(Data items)
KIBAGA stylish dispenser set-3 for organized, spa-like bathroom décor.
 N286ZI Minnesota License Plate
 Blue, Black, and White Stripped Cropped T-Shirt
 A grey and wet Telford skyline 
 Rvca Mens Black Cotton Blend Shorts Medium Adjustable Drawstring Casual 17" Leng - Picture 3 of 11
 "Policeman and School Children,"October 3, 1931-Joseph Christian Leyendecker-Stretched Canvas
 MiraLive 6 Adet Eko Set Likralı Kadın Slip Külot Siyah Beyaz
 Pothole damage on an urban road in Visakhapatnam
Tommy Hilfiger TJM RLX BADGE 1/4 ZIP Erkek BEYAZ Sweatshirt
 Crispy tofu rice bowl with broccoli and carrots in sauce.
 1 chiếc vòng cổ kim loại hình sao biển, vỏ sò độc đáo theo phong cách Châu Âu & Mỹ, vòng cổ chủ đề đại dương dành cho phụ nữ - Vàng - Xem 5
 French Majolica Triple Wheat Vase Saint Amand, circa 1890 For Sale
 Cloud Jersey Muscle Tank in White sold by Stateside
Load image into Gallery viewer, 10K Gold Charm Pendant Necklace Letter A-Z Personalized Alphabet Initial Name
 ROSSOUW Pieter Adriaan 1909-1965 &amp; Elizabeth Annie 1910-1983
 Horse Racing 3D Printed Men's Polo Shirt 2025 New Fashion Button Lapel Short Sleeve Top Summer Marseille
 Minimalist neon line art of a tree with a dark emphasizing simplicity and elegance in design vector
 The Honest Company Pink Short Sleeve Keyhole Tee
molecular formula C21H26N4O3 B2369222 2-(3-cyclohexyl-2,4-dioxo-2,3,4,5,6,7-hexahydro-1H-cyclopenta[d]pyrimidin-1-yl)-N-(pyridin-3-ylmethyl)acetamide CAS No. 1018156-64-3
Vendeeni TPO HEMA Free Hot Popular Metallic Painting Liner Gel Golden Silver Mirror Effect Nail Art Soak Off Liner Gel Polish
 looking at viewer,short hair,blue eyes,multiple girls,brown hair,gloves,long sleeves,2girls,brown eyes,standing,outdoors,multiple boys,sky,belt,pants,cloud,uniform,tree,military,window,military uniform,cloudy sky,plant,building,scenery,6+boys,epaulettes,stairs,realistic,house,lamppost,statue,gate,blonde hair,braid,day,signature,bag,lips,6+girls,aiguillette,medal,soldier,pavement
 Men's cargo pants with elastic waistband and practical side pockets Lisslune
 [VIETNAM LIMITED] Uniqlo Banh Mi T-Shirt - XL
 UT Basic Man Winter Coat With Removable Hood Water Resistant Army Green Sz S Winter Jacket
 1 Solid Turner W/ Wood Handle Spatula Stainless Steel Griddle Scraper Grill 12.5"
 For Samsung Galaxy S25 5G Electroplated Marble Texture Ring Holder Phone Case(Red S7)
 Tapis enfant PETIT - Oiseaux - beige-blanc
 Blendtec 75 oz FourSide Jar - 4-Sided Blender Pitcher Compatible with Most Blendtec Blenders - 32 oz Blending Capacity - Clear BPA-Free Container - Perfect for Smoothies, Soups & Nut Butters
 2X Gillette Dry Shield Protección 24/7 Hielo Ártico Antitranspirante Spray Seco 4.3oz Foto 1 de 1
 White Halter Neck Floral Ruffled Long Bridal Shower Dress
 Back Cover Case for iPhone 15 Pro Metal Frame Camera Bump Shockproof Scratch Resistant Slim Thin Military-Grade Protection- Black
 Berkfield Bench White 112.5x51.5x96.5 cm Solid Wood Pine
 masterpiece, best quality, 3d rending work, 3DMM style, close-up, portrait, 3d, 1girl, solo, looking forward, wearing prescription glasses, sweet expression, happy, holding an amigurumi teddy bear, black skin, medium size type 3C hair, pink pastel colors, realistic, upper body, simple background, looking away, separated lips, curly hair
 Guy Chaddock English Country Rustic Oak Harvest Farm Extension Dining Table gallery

:: Your assignment ::
In your response, give all the records again with nothing altered.

:: Response to the exercise ::
KIBAGA stylish dispenser set-3 for organized, spa-like bathroom décor.
 N286ZI Minnesota License Plate
 Blue, Black, and White Stripped Cropped T-Shirt
 A grey and wet Telford skyline 
 Rvca Mens Black Cotton Blend Shorts Medium Adjustable Drawstring Casual 17" Leng - Picture 3 of 11
 "Policeman and School Children,"October 3, 1931-Joseph Christian Leyendecker-Stretched Canvas
 MiraLive 6 Adet Eko Set Likralı Kadın Slip Külot Siyah Beyaz
 Pothole damage on an urban road in Visakhapatnam
Tommy Hilfiger TJM RLX BADGE 1/4 ZIP Erkek BEYAZ Sweatshirt
 Crispy tofu rice bowl with broccoli and carrots in sauce.
 1 chiếc vòng cổ kim loại hình sao biển, vỏ sò độc đáo theo phong cách Châu Âu & Mỹ, vòng cổ chủ đề đại dương dành cho phụ nữ - Vàng - Xem 5
 French Majolica Triple Wheat Vase Saint Amand, circa 1890 For Sale
 Cloud Jersey Muscle Tank in White sold by Stateside
Load image into Gallery viewer, 10K Gold Charm Pendant Necklace Letter A-Z Personalized Alphabet Initial Name
 ROSSOUW Pieter Adriaan 1909-1965 &amp; Elizabeth Annie 1910-1983
 Horse Racing 3D Printed Men's Polo Shirt 2025 New Fashion Button Lapel Short Sleeve Top Summer Marseille
 Minimalist neon line art of a tree with a dark emphasizing simplicity and elegance in design vector
 The Honest Company Pink Short Sleeve Keyhole Tee
molecular formula C21H26N4O3 B2369222 2-(3-cyclohexyl-2,4-dioxo-2,3,4,5,6,7-hexahydro-1H-cyclopenta[d]pyrimidin-1-yl)-N-(pyridin-3-ylmethyl)acetamide CAS No. 1018156-64-3
Vendeeni TPO HEMA Free Hot Popular Metallic Painting Liner Gel Golden Silver Mirror Effect Nail Art Soak Off Liner Gel Polish
 looking at viewer,short hair,blue eyes,multiple girls,brown hair,gloves,long sleeves,2girls,brown eyes,standing,outdoors,multiple boys,sky,belt,pants,cloud,uniform,tree,military,window,military uniform,cloudy sky,plant,building,scenery,6+boys,epaulettes,stairs,realistic,house,lamppost,statue,gate,blonde hair,braid,day,signature,bag,lips,6+girls,aiguillette,medal,soldier,pavement
 Men's cargo pants with elastic waistband and practical side pockets Lisslune
 [VIETNAM LIMITED] Uniqlo Banh Mi T-Shirt - XL
 UT Basic Man Winter Coat With Removable Hood Water Resistant Army Green Sz S Winter Jacket
 1 Solid Turner W/ Wood Handle Spatula Stainless Steel Griddle Scraper Grill 12.5"
 For Samsung Galaxy S25 5G Electroplated Marble Texture Ring Holder Phone Case(Red S7)
 Tapis enfant PETIT - Oiseaux - beige-blanc
 Blendtec 75 oz FourSide Jar - 4-Sided Blender Pitcher Compatible with Most Blendtec Blenders - 32 oz Blending Capacity - Clear BPA-Free Container - Perfect for Smoothies, Soups & Nut Butters
 2X Gillette Dry Shield Protección 24/7 Hielo Ártico Antitranspirante Spray Seco 4.3oz Foto 1 de 1
 White Halter Neck Floral Ruffled Long Bridal Shower Dress
 Back Cover Case for iPhone 15 Pro Metal Frame Camera Bump Shockproof Scratch Resistant Slim Thin Military-Grade Protection- Black
 Berkfield Bench White 112.5x51.5x96.5 cm Solid Wood Pine
 masterpiece, best quality, 3d rending work, 3DMM style, close-up, portrait, 3d, 1girl, solo, looking forward, wearing prescription glasses, sweet expression, happy, holding an amigurumi teddy bear, black skin, medium size type 3C hair, pink pastel colors, realistic, upper body, simple background, looking away, separated lips, curly hair
 Guy Chaddock English Country Rustic Oak Harvest Farm Extension Dining Table gallery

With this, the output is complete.